Qarase has vowed to reintroduce a bill to grant amnesty to those involved in a 2000 coup, which toppled the South Pacific island nation's first ethnic Indian prime minister.
Outspoken military chief Frank Bainimarama told a news conference in Suva earlier on Thursday that the army would take the necessary steps to stop Qarase's amnesty law being passed.
Before the election he had threatened to topple the government if the law was passed.
"Take this message to the SDL camp. We are going to fight them all the way if that is going to be their message whether they become government or not," said Bainimarama.
"We will fight these bills if he brings them up again," he said, accusing Qarase of destabilising Fiji, which has had three racially motivated coups and an army mutiny since 1987.
It was Bainimarama who initially appointed Qarase as interim prime minister in 2000 after declaring martial law to end the coup. Qarase won a general election the following year.

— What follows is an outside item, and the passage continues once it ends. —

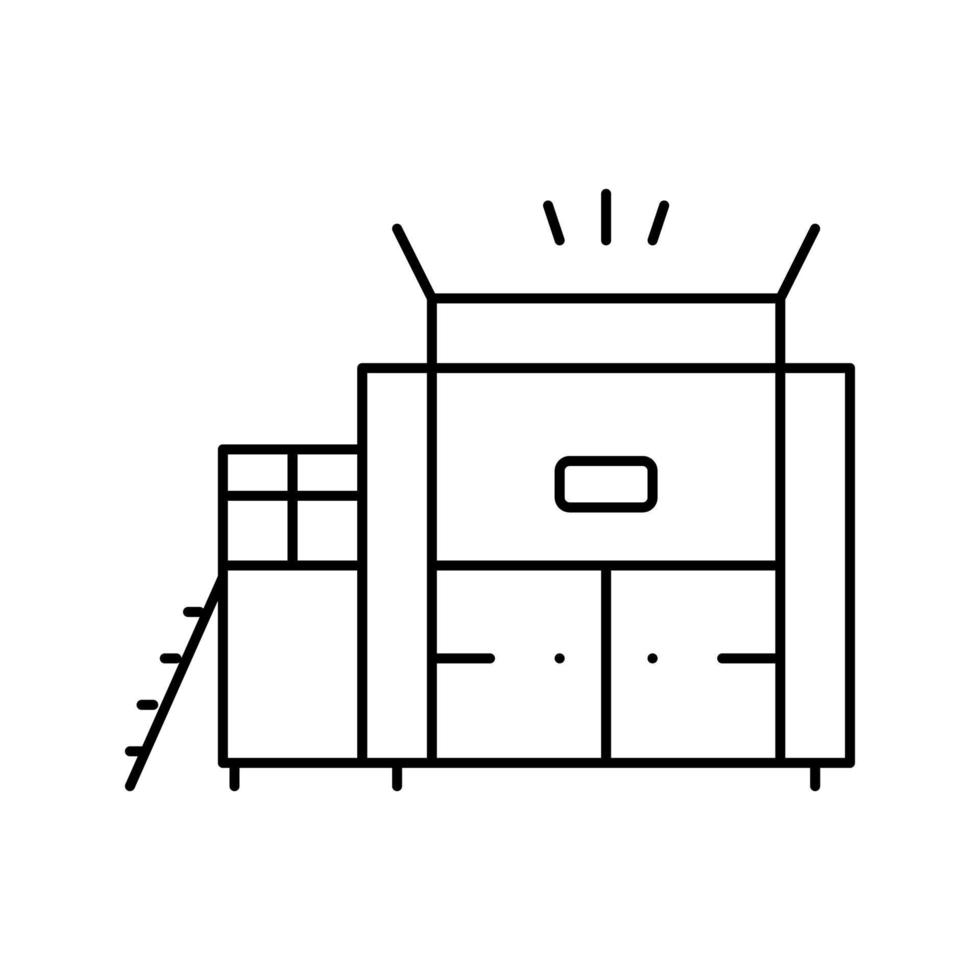 waste factory machine line icon vector illustration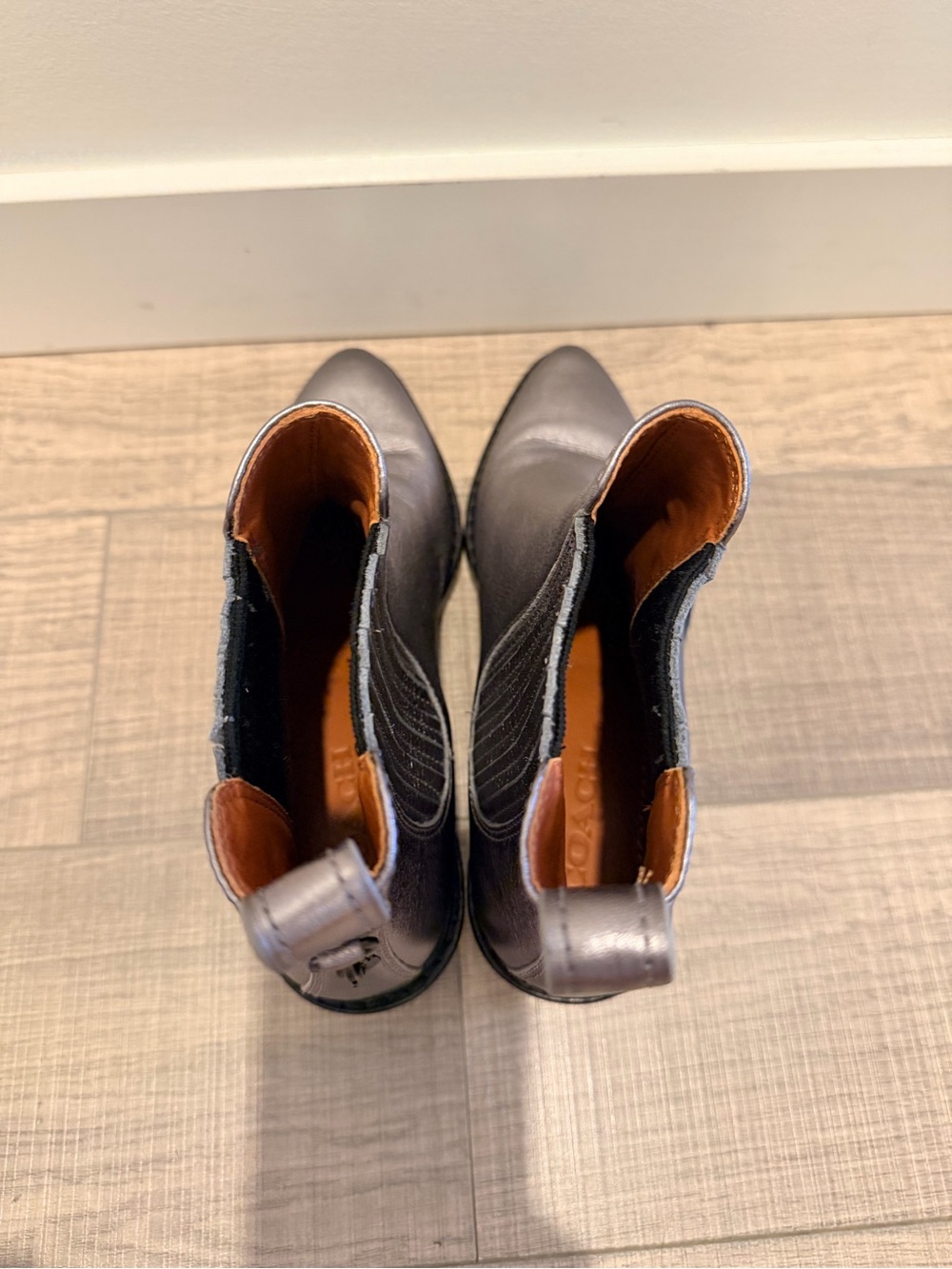 Coach Metallic Silver Pointed Chelsea Ankle Boots - Picture 7 of 7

Indigenous Fijians make up 51 per cent of the country's 906,000 population but fear that the economic clout of ethnic Indians, who dominate the sugar- and tourism-based economy, will be matched by political power.
Bainimarama said earlier on Thursday he hoped the independent MPs would join the Fiji Labour Party (FLP) of opposition leader Mahendra Chaudhry, the ethnic Indian leader toppled in the 2000 coup, and enable it to form a government.
In the event, the FLP finished with 31 seats and would have fallen short of a majority even with the support of all four independents.